In conceptual art, in which the artist is the source of the image or the inspiration behind a piece of art, consciousness and expression emerge simultaneously with the experience of producing, presenting, and observing. A path to experiencing Buddha mind is also possible through this type of artistic creation, likewise through a kind of training that continuously guides one’s eye and motivation.
For example, let us say that the artist has a vision of goodness, expressed in the form of a small white feather placed in a completely empty room. The observer can enter the room and simply not connect with or understand the expression. But when one opens one’s mind to the experience, that subtle, minimalistic manifestation of “goodness” suddenly generates a great deal of mental space, merging the observer’s understanding of goodness with that of the artist. It is a glimpse of the sense of “goodness” (although it could also be much more subjective than that), which also allows for a very broad and liberal interpretation.
In the Heart Sutra, the Buddha teaches that “Form is emptiness; emptiness is form.” By observing all forms, images, and phenomena without judgment, one can realize the experience of emptiness. Ultimately, all things are covered with the same fabric; they simply assume different shapes, changing all the time. When we look at a work of art, we might see the majestic David by Michelangelo, for instance, or merely a piece of rock—both are true, both have significance, but only in our mind. Our experiences lead us to apprehend and believe in a certain way. So, if we wish, we can train our eye and motivation to perceive everything as sacred, and consequently enjoy a sacred and joyful life—simply by training the eye!
Art teaches us a great deal about perspective. How can one person view a picture and be moved by its meaning while someone else sees only a blur of color? The picture is the same, but the perspective and the apparent individualism are different. The picture is a wonderful experience for the person who sees it as art and a joke for the one who sees a blur. In the end, is the picture wonderful or is it a joke? It is neither. In fact, it is what you want to it be, or even a mirror of who you really are. If you see beauty it is because you allow beauty to exist within your being.

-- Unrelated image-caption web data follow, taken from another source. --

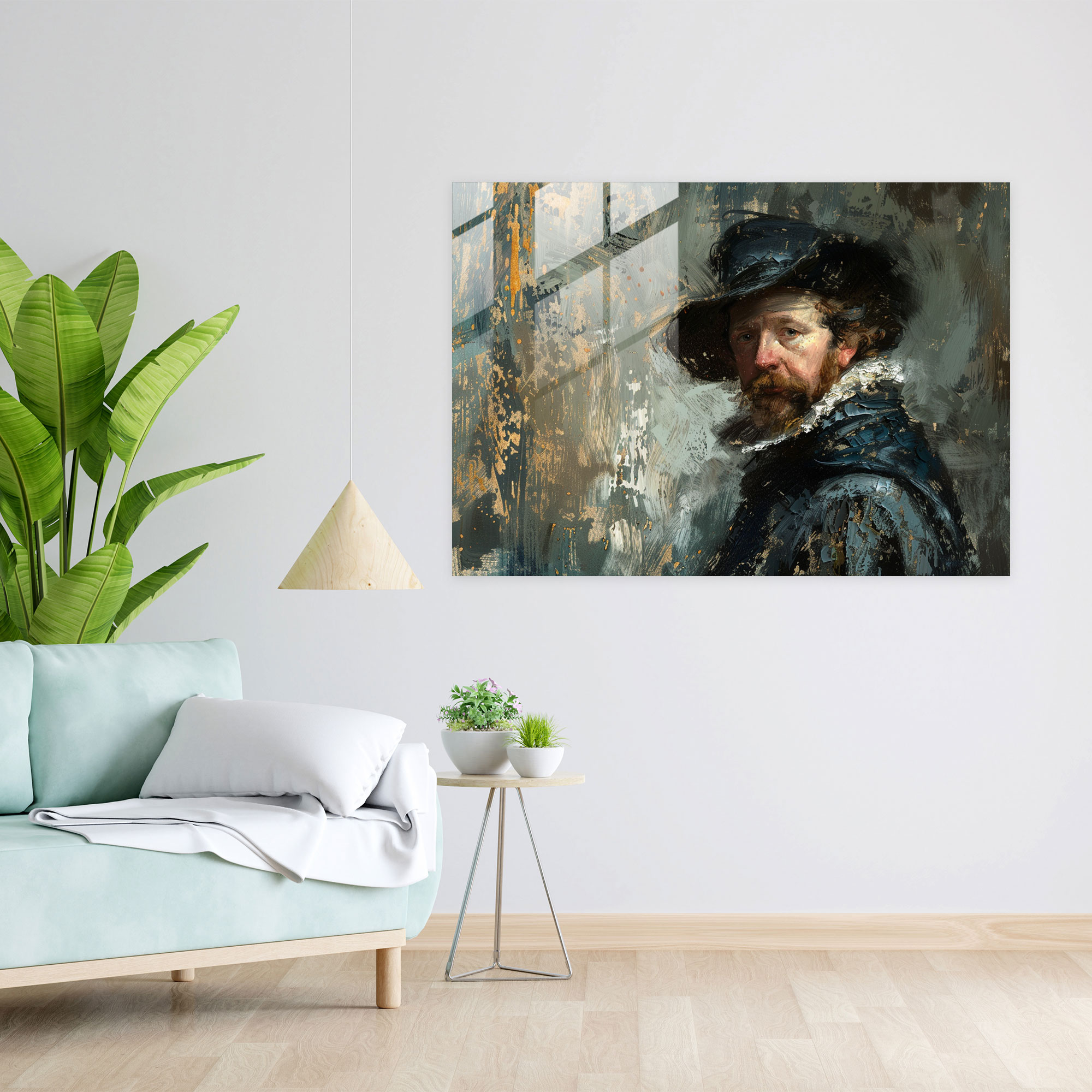 Rembrandt Glass Art Modern Art - Rembrandt, Creative, Detailed Brushwork, Modern Art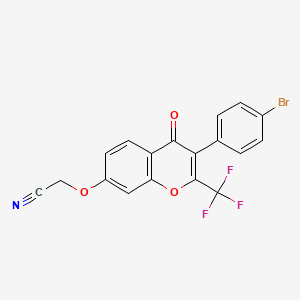 2-[3-(4-Bromophenyl)-4-oxo-2-(trifluoromethyl)chromen-7-yl]oxyacetonitrile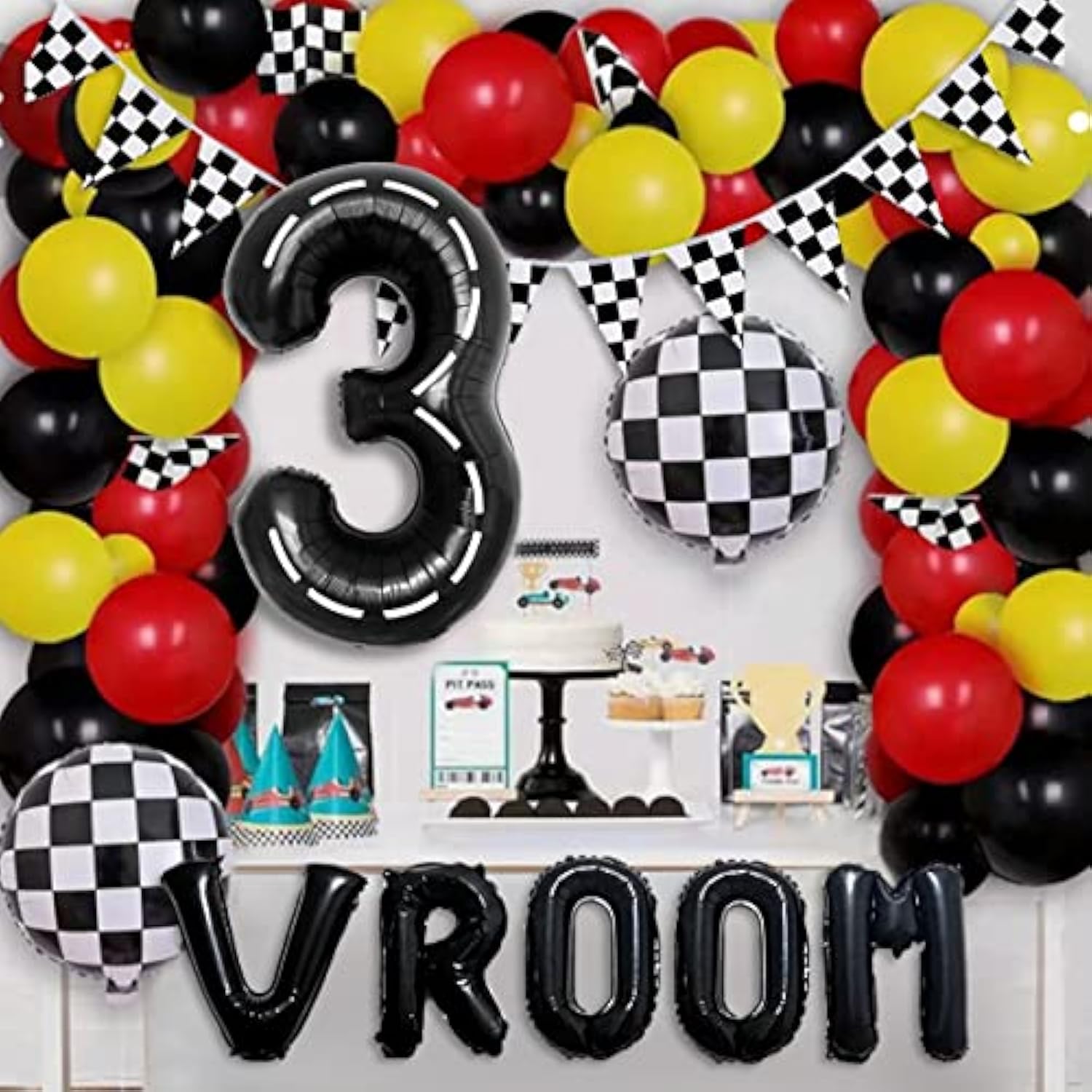 Race Car Party Balloon Garland Kit: Vroom Birthday Decorations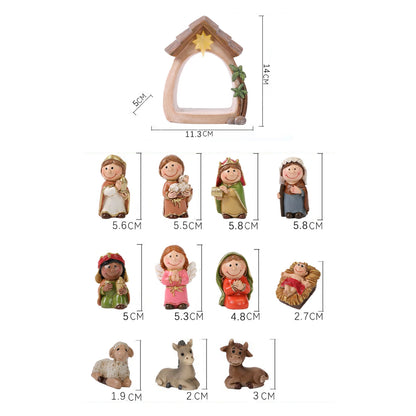 12 Weihnachtskrippenfiguren mit hellem Kunstharz, Heilige Familie, Geburt Jesu, für Weihnachten, Tischplatte, Kirche, Regal, Kapelle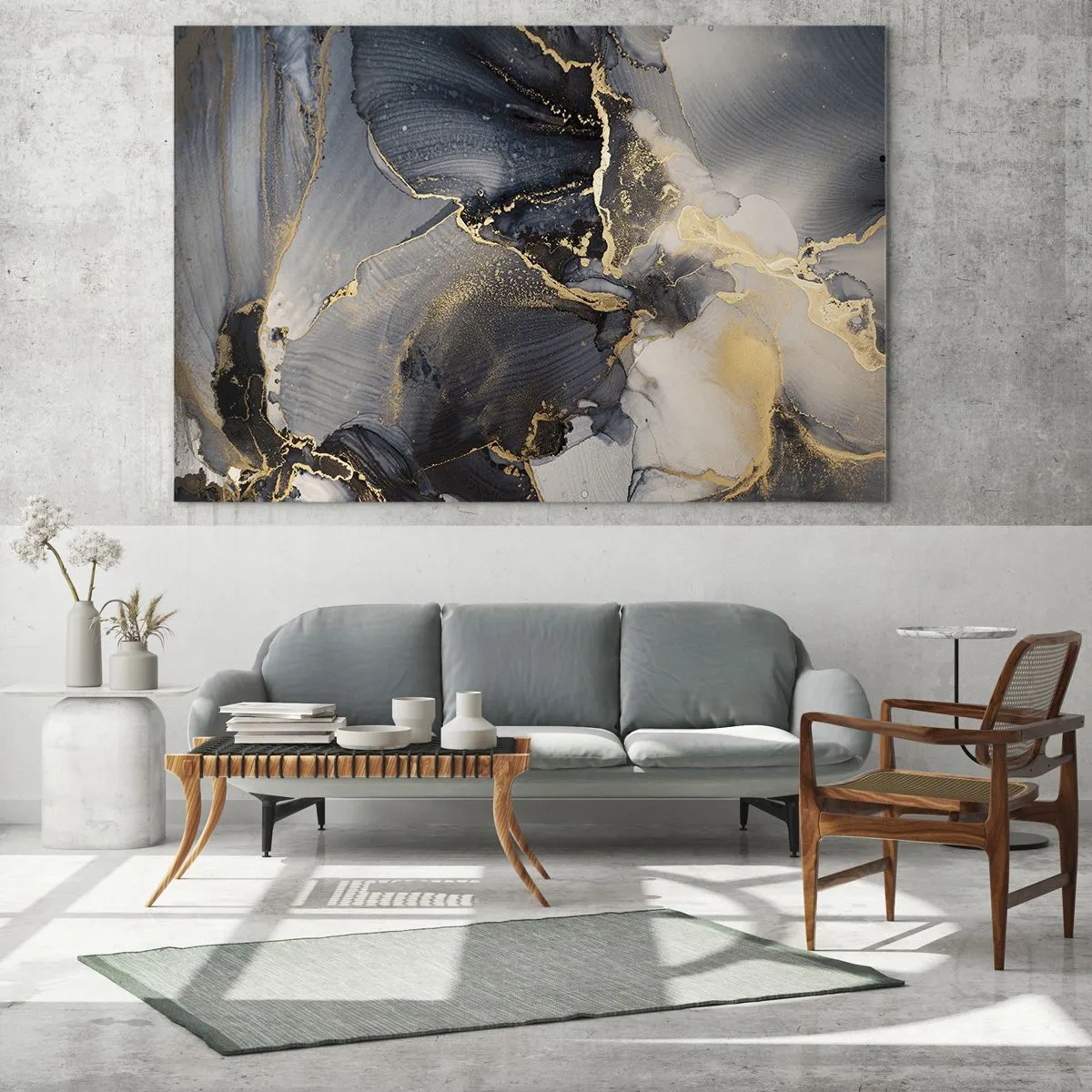Obraz na skle - Tmavá abstrakcia s mramorovým efektom a zlatými žilami - 70x50cm - Život kameňa - Moderná nástenná dekorácia do obývacej izby a spálne ARTTOR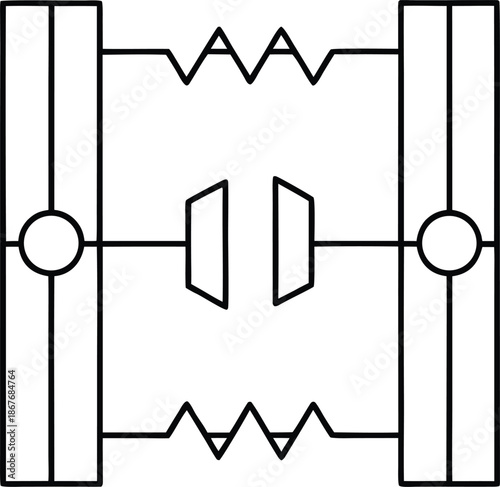 wave function collapse line art vector illustration on transparent background
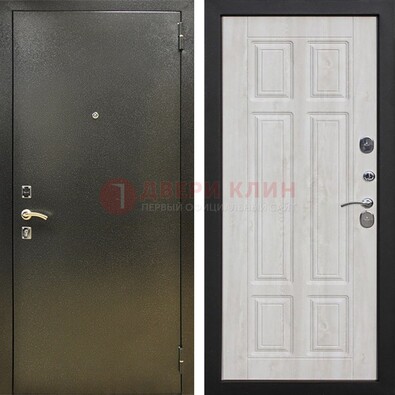 Входная темно-серая дверь с порошковым напылением и МДФ с филенкой ДП-302 в Долгопрудном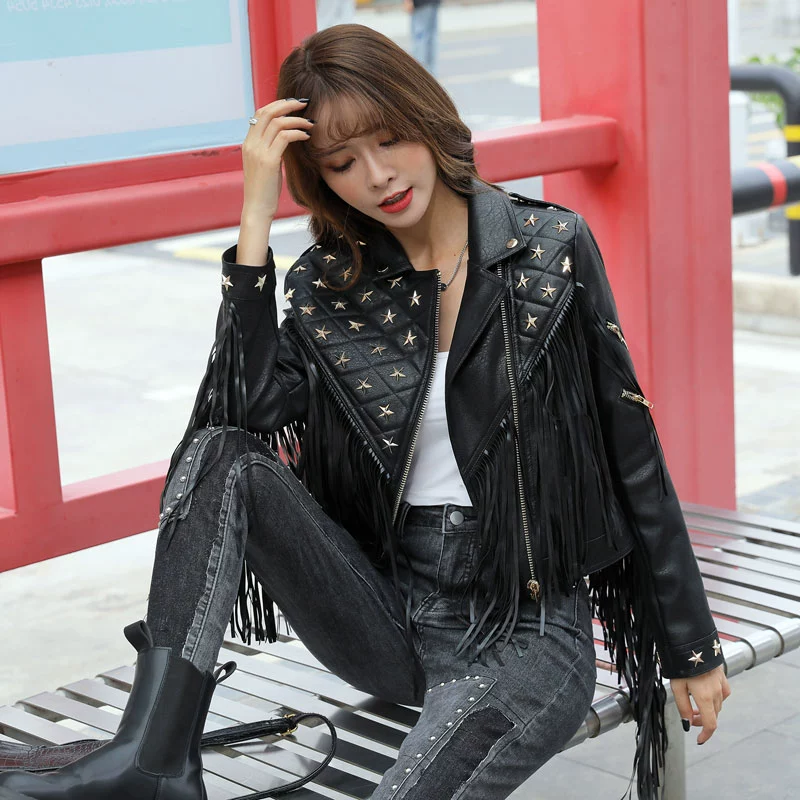 Thương hiệu thời trang mới của Thái Lan mùa thu và mùa đông đinh tán tua rua của phụ nữ áo khoác da áo khoác xe máy đường phố áo khoác ngắn mỏng của phụ nữ - Áo khoác ngắn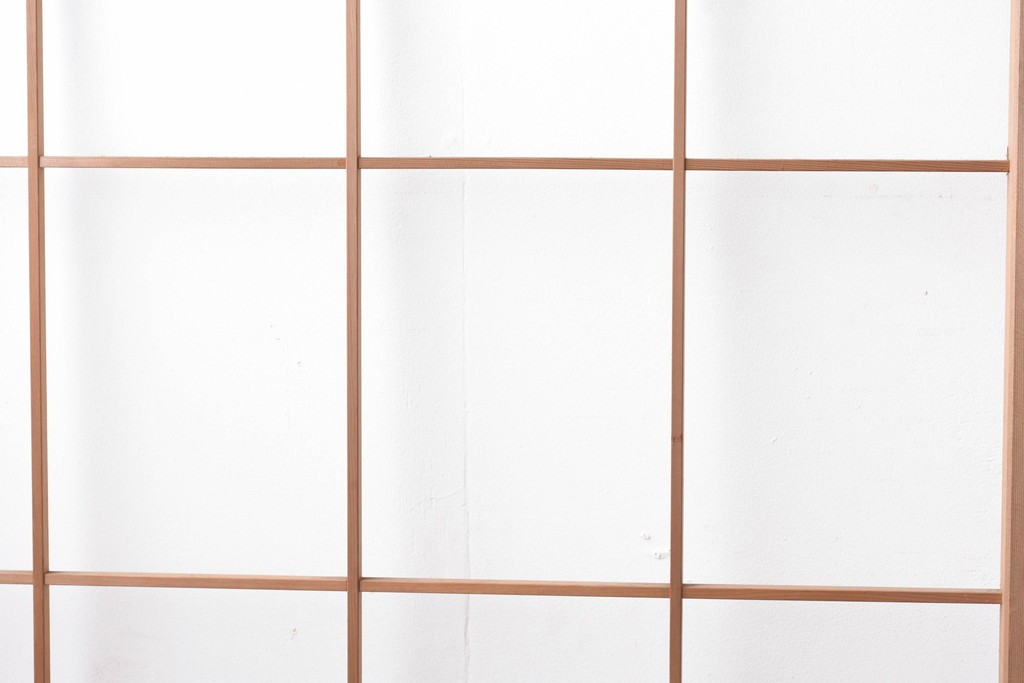 ヴィンテージ建具　昭和後期　上品な桟組みが引き立つ雪見障子戸4枚セット　(R-086570)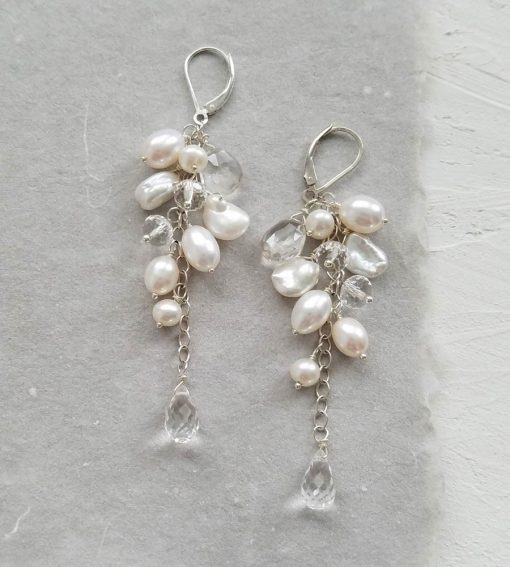 Long pearl and gemstone cluster earrings handmade by Carrie Whelan Designs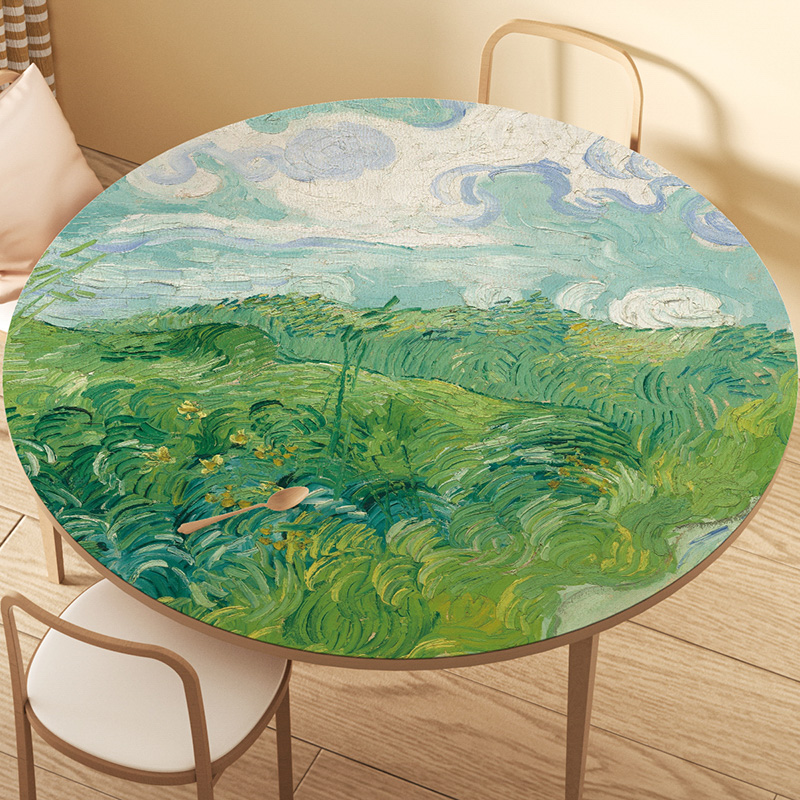 油画风圆壁纸防水防油免洗防烫圆形餐桌垫高级感隔热茶几台面垫子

The path of an artist is an eloquent way to touch that fabric, to experiment, to play, to create, to see its impermanent cycles, and to be detached from a fixed significance—including that of our own identity. This type of training can offer a form of Buddhist insight through an experience of the art, offering the artist and the viewer a path to enlightenment. One can experience this through traditional training without the creative element but instead with discipline and obedience, or one can find it within the creation of uninhibited, conceptual art. One can even follow both paths at the same time, using both traditional and contemporary art as one’s two “legs” on the journey to enlightenment and thus walking the path of the artist-pilgrim.